→ Work instructions
Scan the entries below for "Black" and copy each line that holds it.

→ Data under study
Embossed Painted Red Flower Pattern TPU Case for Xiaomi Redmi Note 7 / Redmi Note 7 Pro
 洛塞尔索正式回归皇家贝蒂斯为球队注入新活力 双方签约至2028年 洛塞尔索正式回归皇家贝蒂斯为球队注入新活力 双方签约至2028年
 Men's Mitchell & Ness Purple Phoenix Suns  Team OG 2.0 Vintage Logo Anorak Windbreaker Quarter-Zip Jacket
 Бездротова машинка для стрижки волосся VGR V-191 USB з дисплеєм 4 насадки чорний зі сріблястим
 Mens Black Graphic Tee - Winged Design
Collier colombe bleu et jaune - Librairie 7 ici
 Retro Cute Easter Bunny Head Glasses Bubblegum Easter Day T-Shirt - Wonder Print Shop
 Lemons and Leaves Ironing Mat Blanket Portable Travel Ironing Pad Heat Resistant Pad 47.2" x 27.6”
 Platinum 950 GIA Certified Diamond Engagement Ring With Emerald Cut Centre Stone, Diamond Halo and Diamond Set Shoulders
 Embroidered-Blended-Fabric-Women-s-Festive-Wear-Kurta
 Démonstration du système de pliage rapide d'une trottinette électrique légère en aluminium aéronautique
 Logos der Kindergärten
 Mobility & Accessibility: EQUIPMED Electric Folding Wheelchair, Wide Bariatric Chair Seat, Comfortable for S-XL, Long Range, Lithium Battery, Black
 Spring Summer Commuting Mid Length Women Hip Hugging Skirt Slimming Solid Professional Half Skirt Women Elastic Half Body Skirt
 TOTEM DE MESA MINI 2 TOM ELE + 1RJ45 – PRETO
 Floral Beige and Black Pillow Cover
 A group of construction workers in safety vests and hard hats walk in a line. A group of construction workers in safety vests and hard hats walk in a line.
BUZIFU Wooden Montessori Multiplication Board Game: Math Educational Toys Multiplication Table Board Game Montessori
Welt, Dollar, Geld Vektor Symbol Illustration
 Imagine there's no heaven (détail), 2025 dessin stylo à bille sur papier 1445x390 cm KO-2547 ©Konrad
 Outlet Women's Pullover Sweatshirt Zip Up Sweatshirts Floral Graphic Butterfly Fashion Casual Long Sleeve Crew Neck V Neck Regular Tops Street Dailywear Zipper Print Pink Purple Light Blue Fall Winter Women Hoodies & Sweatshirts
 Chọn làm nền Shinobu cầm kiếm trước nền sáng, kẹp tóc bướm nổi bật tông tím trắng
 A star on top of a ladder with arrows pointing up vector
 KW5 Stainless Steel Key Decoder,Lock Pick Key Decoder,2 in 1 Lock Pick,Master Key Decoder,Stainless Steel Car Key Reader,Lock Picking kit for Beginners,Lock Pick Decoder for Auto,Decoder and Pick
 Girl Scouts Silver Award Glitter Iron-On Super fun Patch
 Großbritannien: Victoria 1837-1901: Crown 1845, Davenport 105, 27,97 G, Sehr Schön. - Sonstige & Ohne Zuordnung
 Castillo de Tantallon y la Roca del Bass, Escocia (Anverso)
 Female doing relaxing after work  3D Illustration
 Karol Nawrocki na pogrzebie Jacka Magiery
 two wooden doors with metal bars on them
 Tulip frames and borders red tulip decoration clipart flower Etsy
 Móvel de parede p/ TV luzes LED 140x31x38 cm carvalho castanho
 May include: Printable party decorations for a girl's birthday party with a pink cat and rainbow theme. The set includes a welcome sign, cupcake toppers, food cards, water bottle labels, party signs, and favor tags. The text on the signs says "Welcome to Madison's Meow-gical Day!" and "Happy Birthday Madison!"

→ Reply
 Mens Black Graphic Tee - Winged Design
 Mobility & Accessibility: EQUIPMED Electric Folding Wheelchair, Wide Bariatric Chair Seat, Comfortable for S-XL, Long Range, Lithium Battery, Black
 Floral Beige and Black Pillow Cover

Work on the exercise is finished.